Have you seen a webapp go off the rails? There's millions of weird fail-conditions. Can they learn what to monitor, at what frequency?

Security... 'Principle of least privilege' is at odds with "make it work". I've seen devs assume the database server has commodity connection to the internet. They never asked if it did or didn't. And I've fought with them on the dev AD stack with an attempt in keeping the GPOs in line with production. But it's just 'too hard'.

And I've seen devs go 'just spin up some more machines'. But unlike yesteryear where we provisioned hardware for cost for X years, aws/azure/gce "allows" devs to have a direct unlimited budget tied to the company. We sysads learned responsibilities, and how to budget, and how to requisition. Someone pressing a button on a dashboard, or writing a script doesn't. You'd be surprised just how angsty the C levels are with this cloud computing and developers with near-free reign.

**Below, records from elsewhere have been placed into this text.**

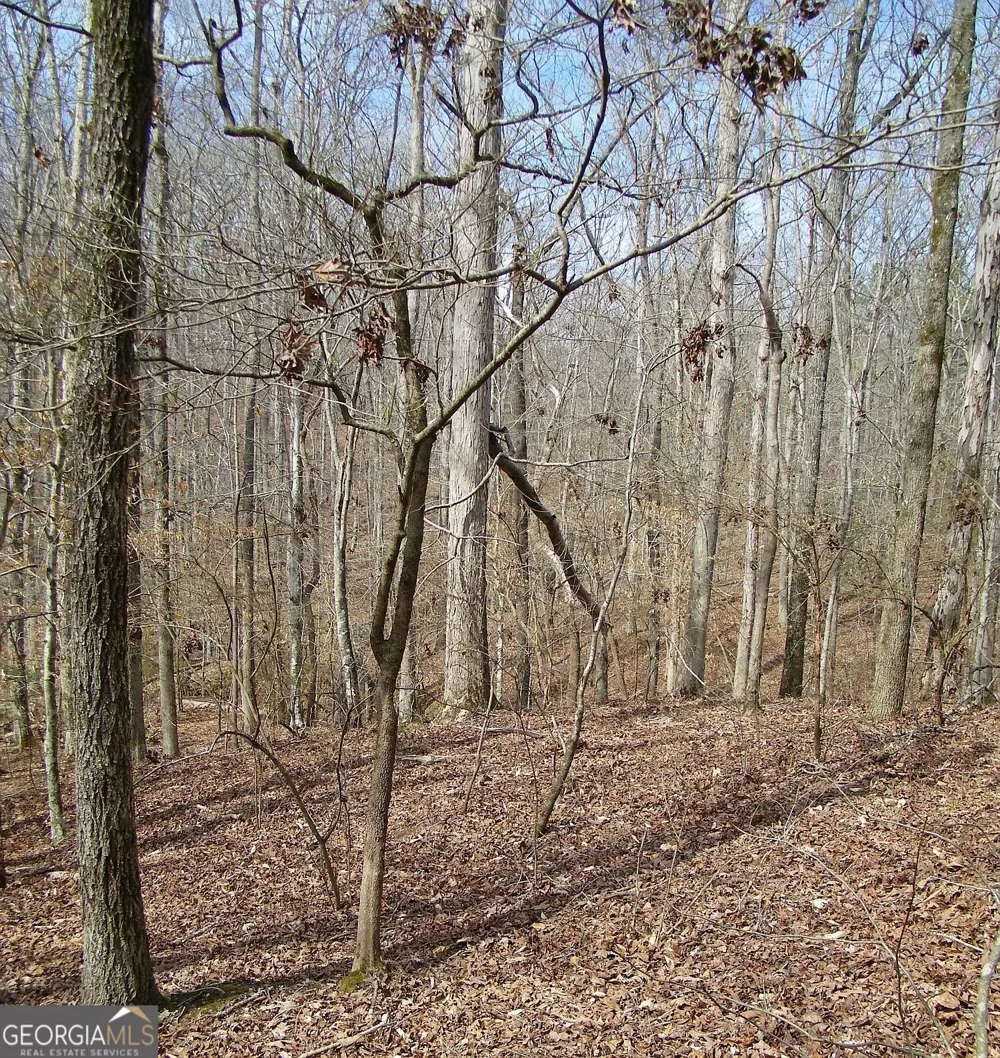 LOT 11 Blackberry Bend Elberton, GA 30635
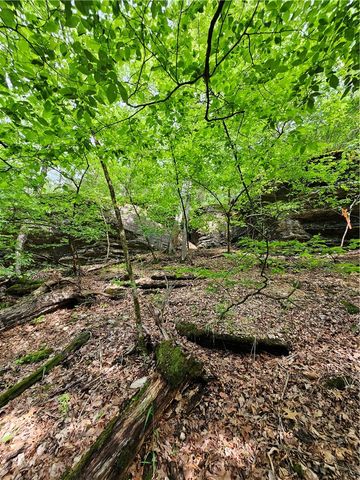 349 CR-154, Eureka Springs, AR 72632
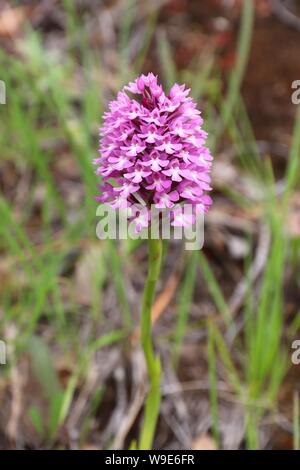 Il Portogallo specie vegetali - Anacamptis pyramidalis (orchide) nella regione di Coimbra. Foto Stock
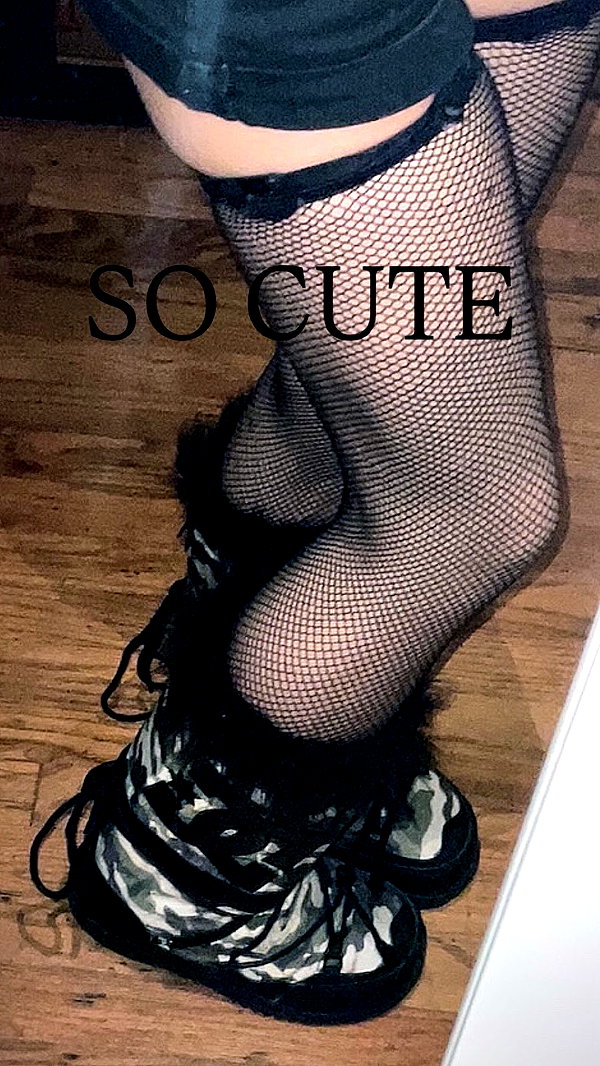 catastoo instagram image archive image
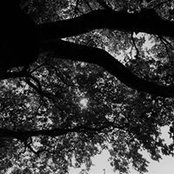 Deborah Young's photo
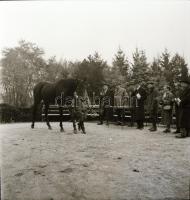 1967 Imperiál (Kisbér, 1960. február14 - Kerteskő, 1989) a 20. század egyik legjobb tenyésztésű magy...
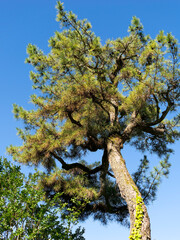 見上げる松の木と青空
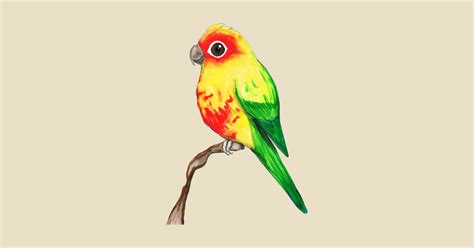 Sun Conure Drawing At Explore Collection Of Sun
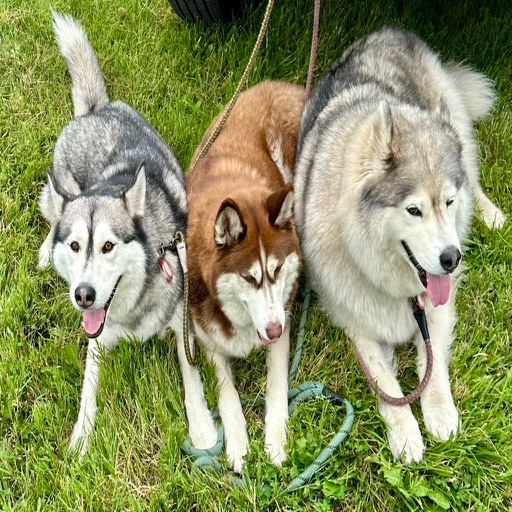 Shaws Towing Request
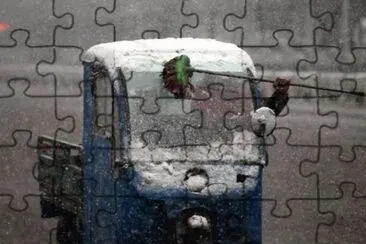 curios jigsaw puzzle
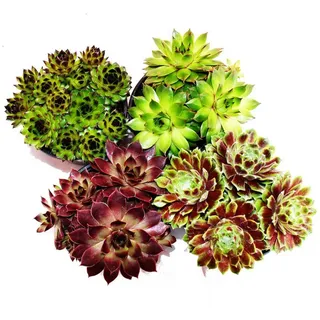 EXOTENHERZ Hauswurz - Set aus 4 verschiedenen Sempervivum-Sorten
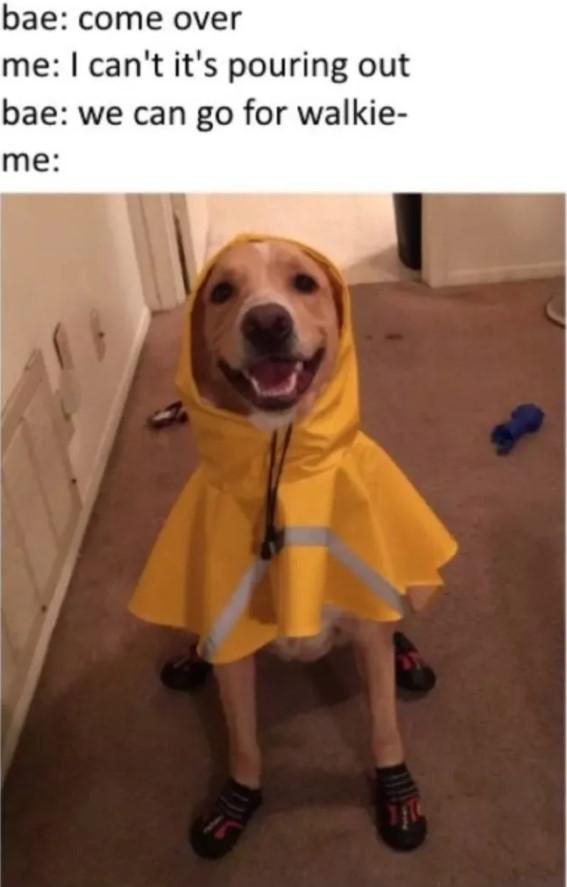 Dog wearing a rain coat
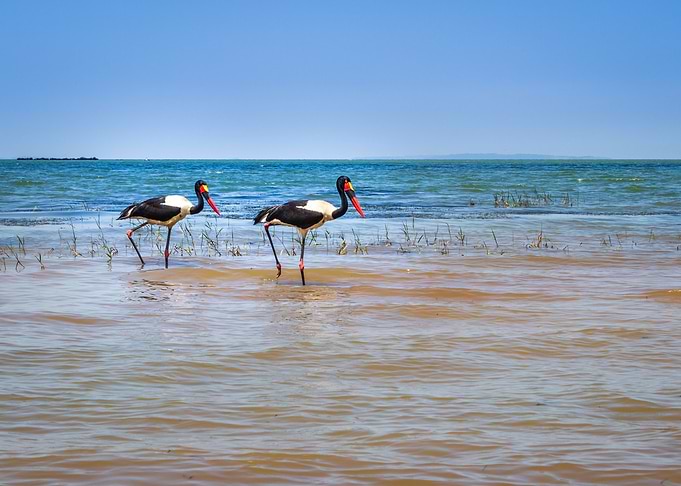 Two saddle billed stork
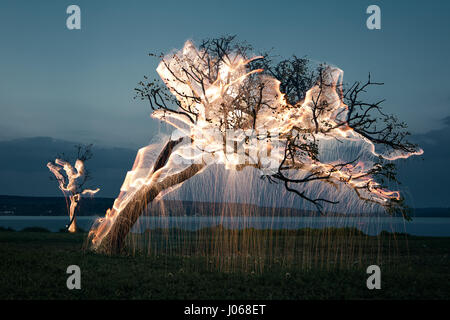 PLATEAU CENTRAL brésilien, BRÉSIL : Nature et science ont fusionné en tant que photographe utilise fireworks tirés depuis les arbres pour leur faire purger la lumière. Les photos montrent des arbres et magique un lac illuminé par la lumière-sentiers à partir de Fireworks dans divers endroits au Brésil, le Plateau Central d'un paysage riche en faune couvrant la majeure partie de l'Est, centrale et sud du Brésil. Photographe Local Vitor Schietti artifice agité manuellement avec l'aide d'une longue tige pour créer les modèles en couches et tourbillonnant jusqu'à douze photographies d'atteindre la finale la collection de photos est appelée 'Impermanent Banque D'Images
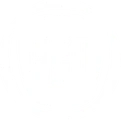 Repuestos FIAT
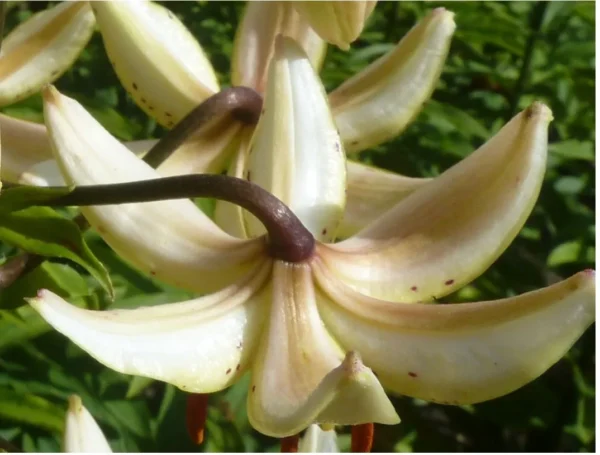 Pale recurved lily petals close-up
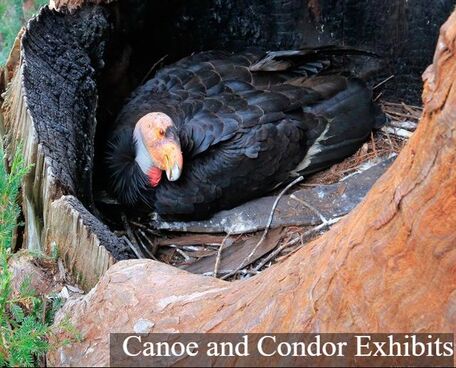 A California condor lays inside the burnt hollow of a redwood tree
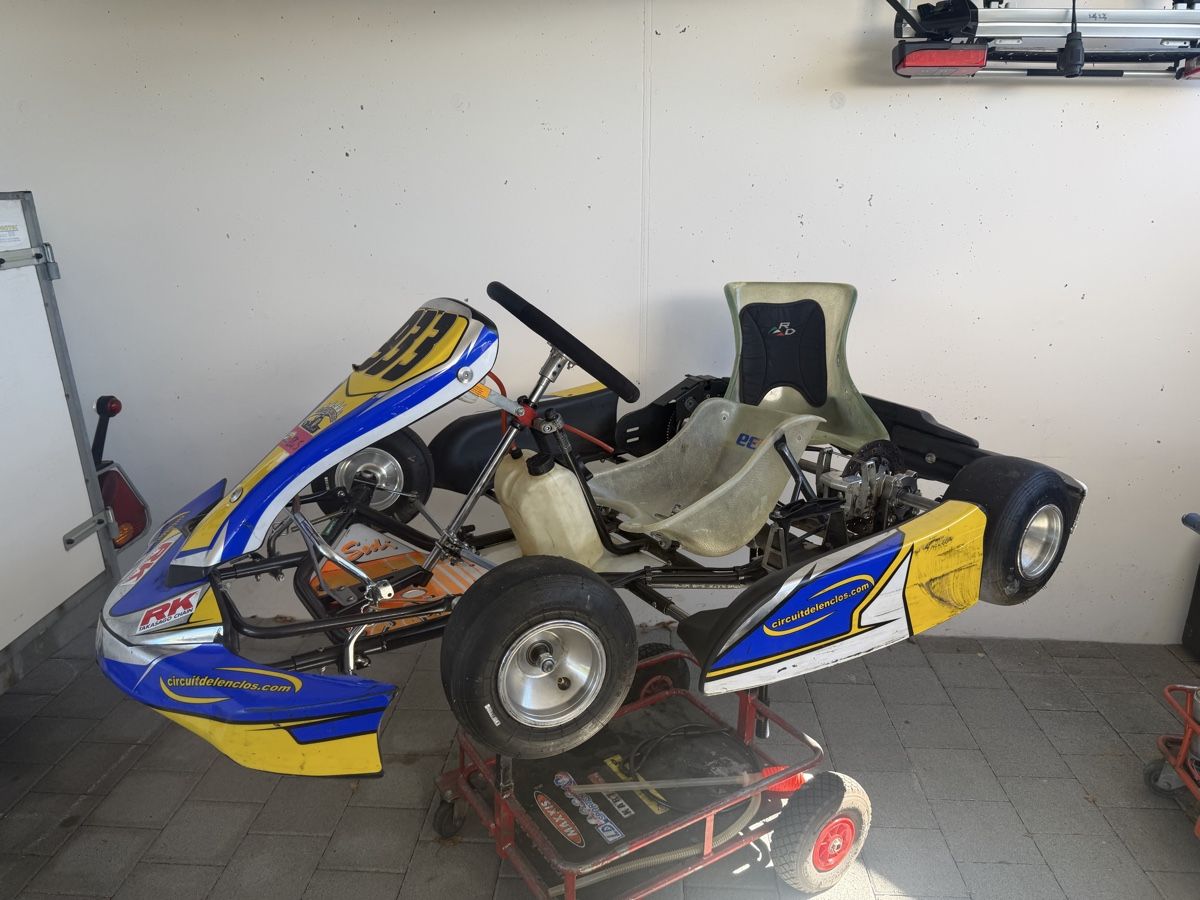 Go-Kart: Rennkart – Usato da Waltenschwil venduto da Almilu 4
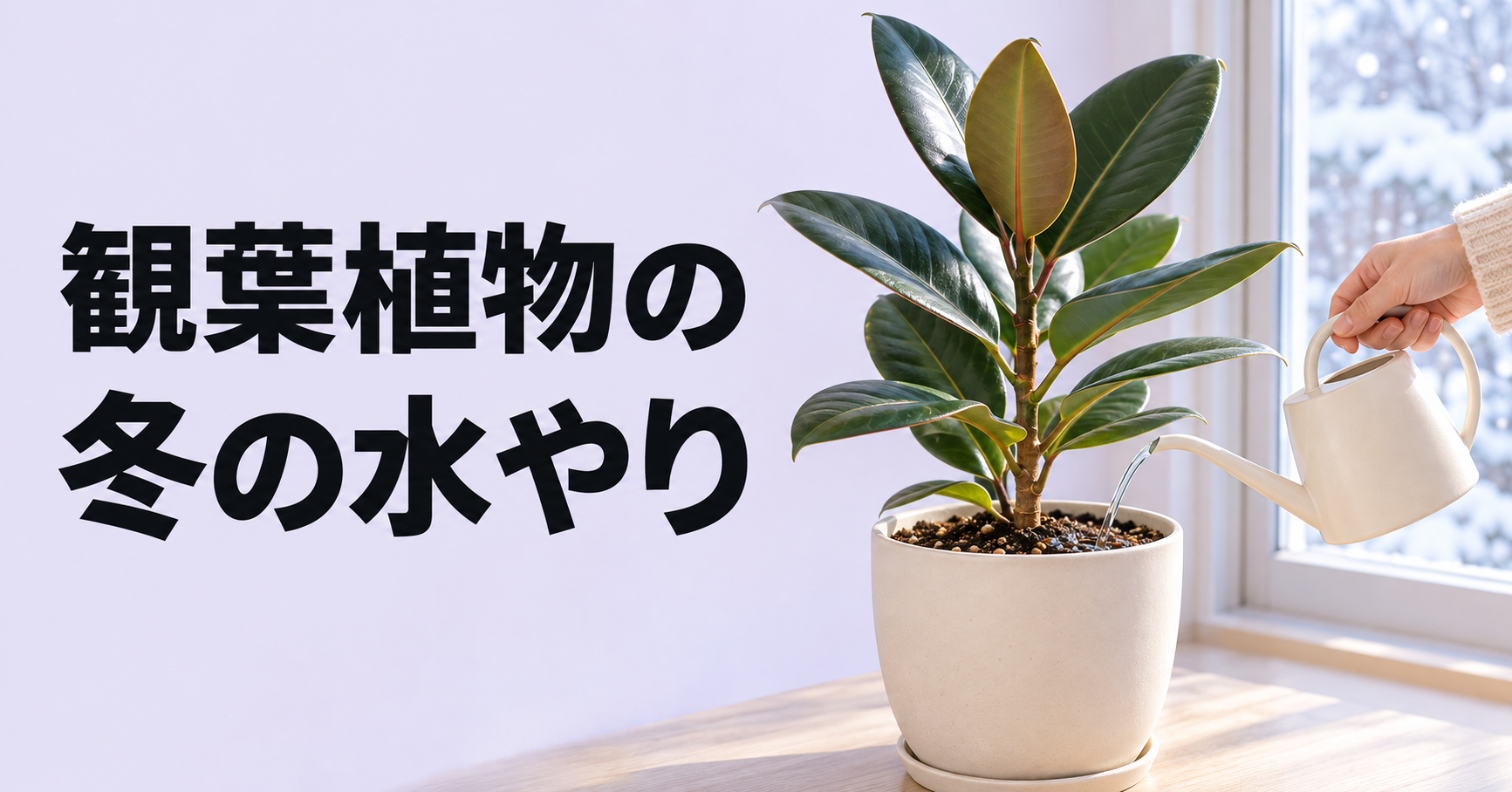 観葉植物の冬の水やり方法｜頻度・時間帯・根腐れを防ぐポイントを詳しく解説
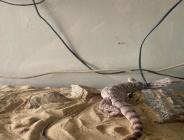 İstanbul’da ejder ve piton yılanlarının da aralarında olduğu 12 sürüngen hayvan ele geçirildi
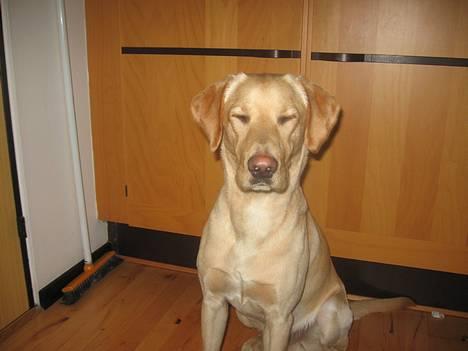 Labrador retriever Janus - Min JANUS <3333 billede 1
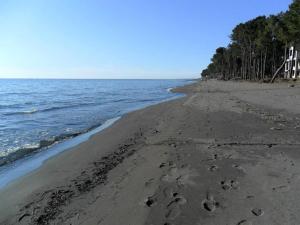 a beach with footprints in the sand next to the water at Villa MD Grigoleti in Grigoleti +23 photos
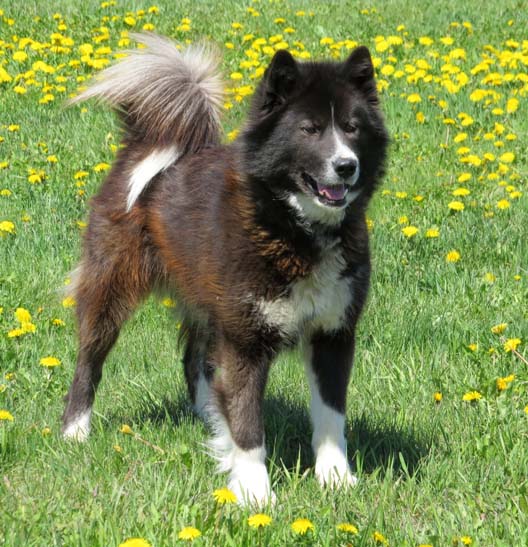 Canadian eskimo hot sale dog puppy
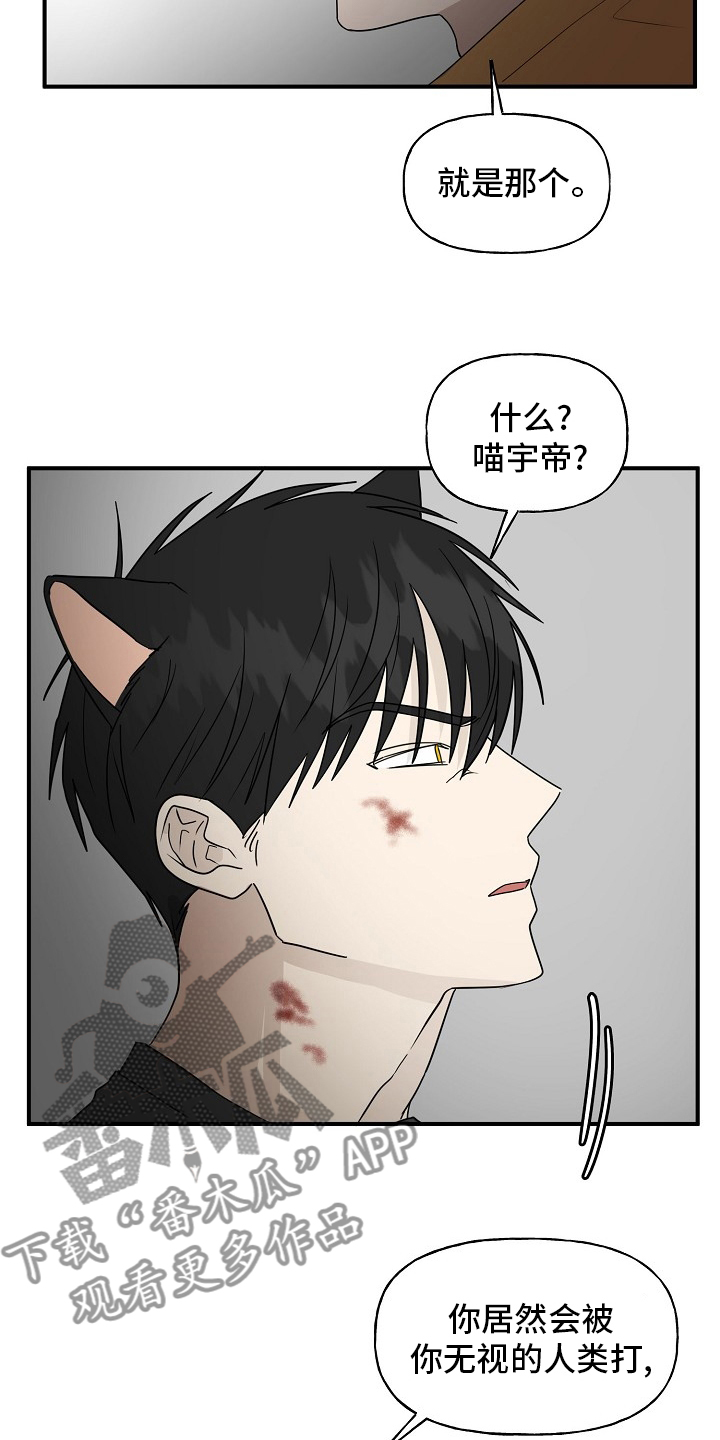 《幸运猫》第38章特殊能力 第15页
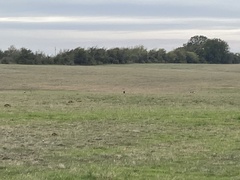 Falconiformes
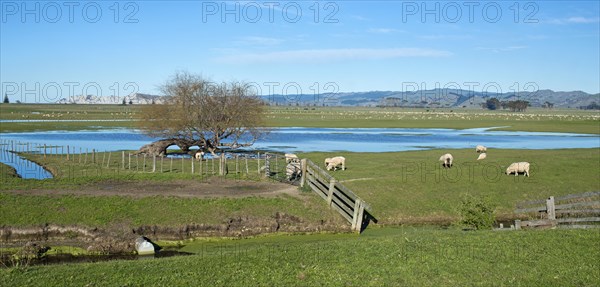 Sheep pen in Gisborne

wwweston · on Dec 10, 2019

> You'd be surprised just how angsty the C levels are with this cloud computing and developers with near-free reign.

The flip side of this is the C levels who have absolutely no experience monitoring cloud spend but have heard the marketing pitches or smelled the "best practices" in the air and are sure that moving to cloud services needs to happen yesterday whether or not demand patterns justify it.

jrockway · on Dec 10, 2019

> Can they learn what to monitor, at what frequency?

Yes. That is part of the design of any system; observability is in everyone's mind when they are writing software. Software that fails mysteriously means less weekends and less time for drinking beer. Software that tells you exactly what it's doing means when something goes wrong, you fix it, and it never happens again. Or, it's so transparent you figure out the bug before you even check it in.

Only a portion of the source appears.